Burchfield, Jerry
American, 1947-2009
Buchfield's initial explorations of color photography came at a time when the aesthetic legitimacy of these processes was still up for debate. Photographers have been using various color processes for more than a century, and color film went on the market in the mid-1930s, but it was only in the 1970s later that color photography came to be accepted as an art form. Up to that point color was strongly associated with advertising, photojournalism, and amateurs. The myth persisted that only black and white images achieved the qualities of art. Color photography's apparent coming of age was partly a matter of being christened by influential museum curators like John Szarkowski, who organized a pivotal exhibition of William Eggleston's color photographs at the Museum of Modern Art in 1976. Nevertheless, the creative work of Burchfield's generation, and particularly well-known figures like Eggleston, Joel Meyerowitz, and Stephen Shore, paved the way for the later predominance of color photographs in museums and galleries.

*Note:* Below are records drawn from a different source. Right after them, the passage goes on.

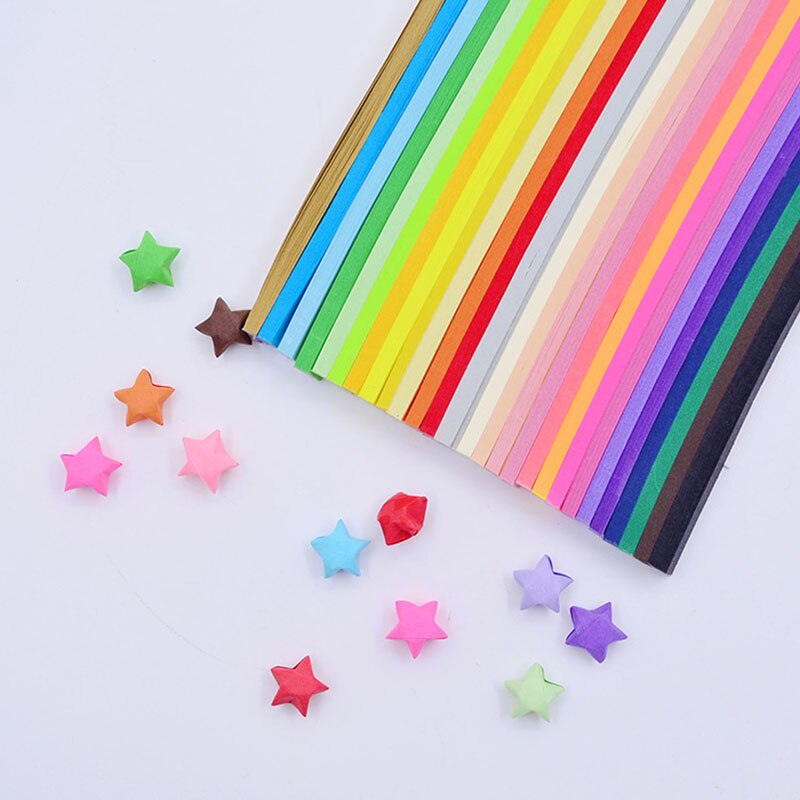5/7/10/27 Colors Mixed Color set Paper Craft Folding Lucky Star Origami Paper Handmade Home DIY Cards Crafts Decoration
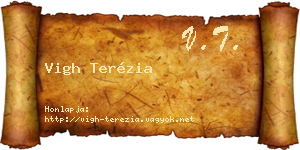 Vigh Terézia névjegykártya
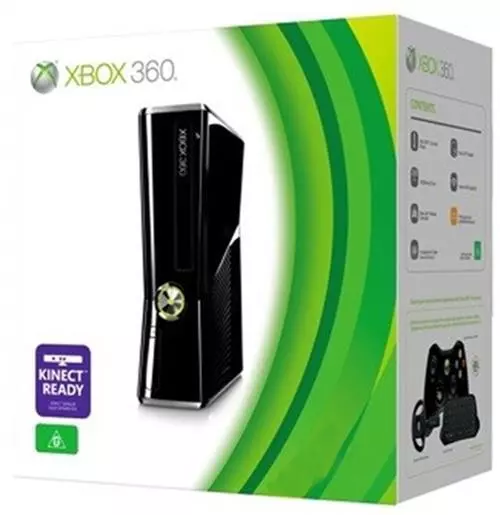 Microsoft Xbox 360 S 4GB (Slim) Video Game Console Black Boxed + GAMES BUNDLE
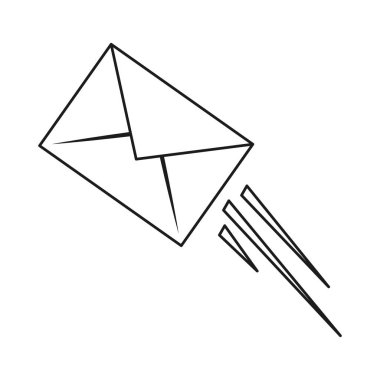 Ekspres posta e-posta zarf anahat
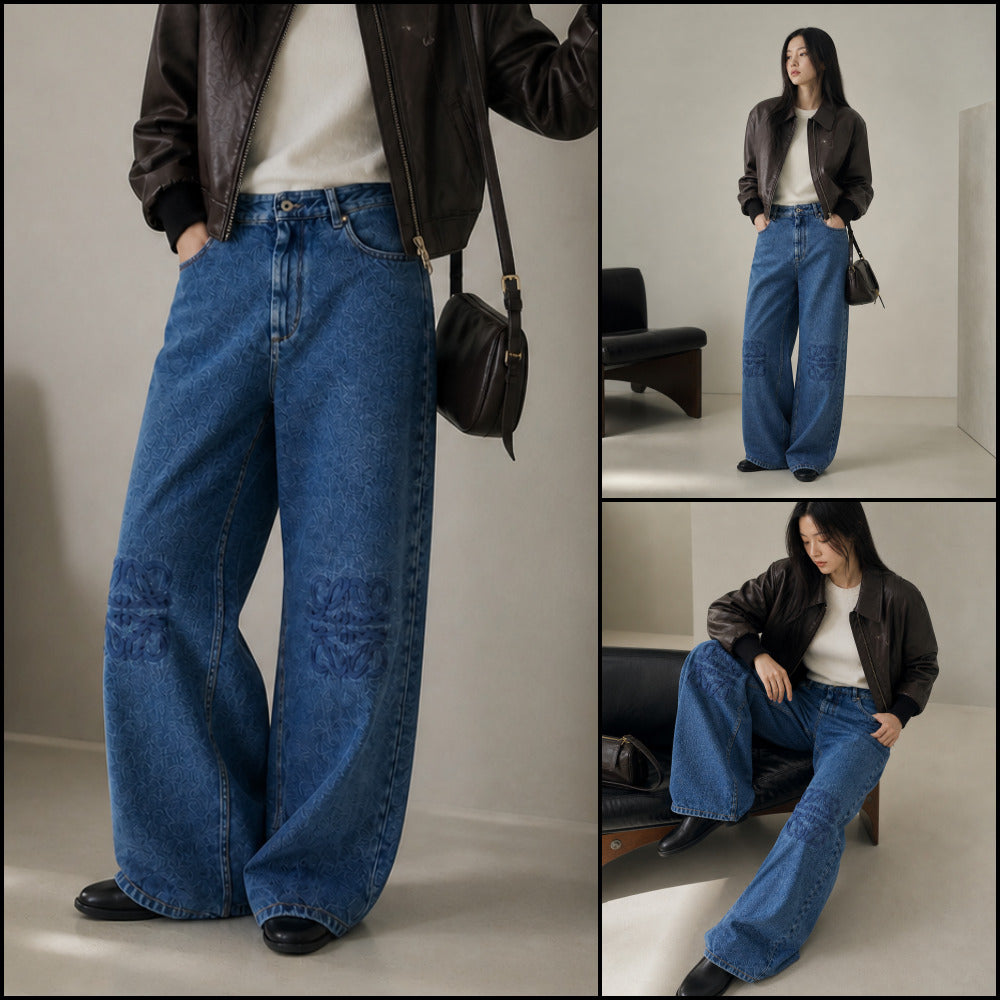 【LOEWE】Anagram Exhaust Jeans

In the decades that followed, Burchfield has pursued a number of long-term projects that use different forms of photography, as well as performance, video, or a large-scale installation format, to examine processes of change and subjects like humankind's precarious relationship with nature.

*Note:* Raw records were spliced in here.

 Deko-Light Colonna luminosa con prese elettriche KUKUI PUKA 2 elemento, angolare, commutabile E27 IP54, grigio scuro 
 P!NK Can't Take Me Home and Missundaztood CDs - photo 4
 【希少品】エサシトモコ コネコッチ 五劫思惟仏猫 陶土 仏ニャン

Burchfield was born in Chicago, Illinois. He pursued his education at California State University at Fullerton and ultimately completed a BA (1971), an MA (1977) and an MFA (1990). Currently Burchfield was a professor of photography at Cypress College in Cypress, California and the Director and Curator of the Cypress College Photography Galleries. He was the president of the non-profit foundation, The Legacy Project, and the Co-Director of Laguna Wilderness Press.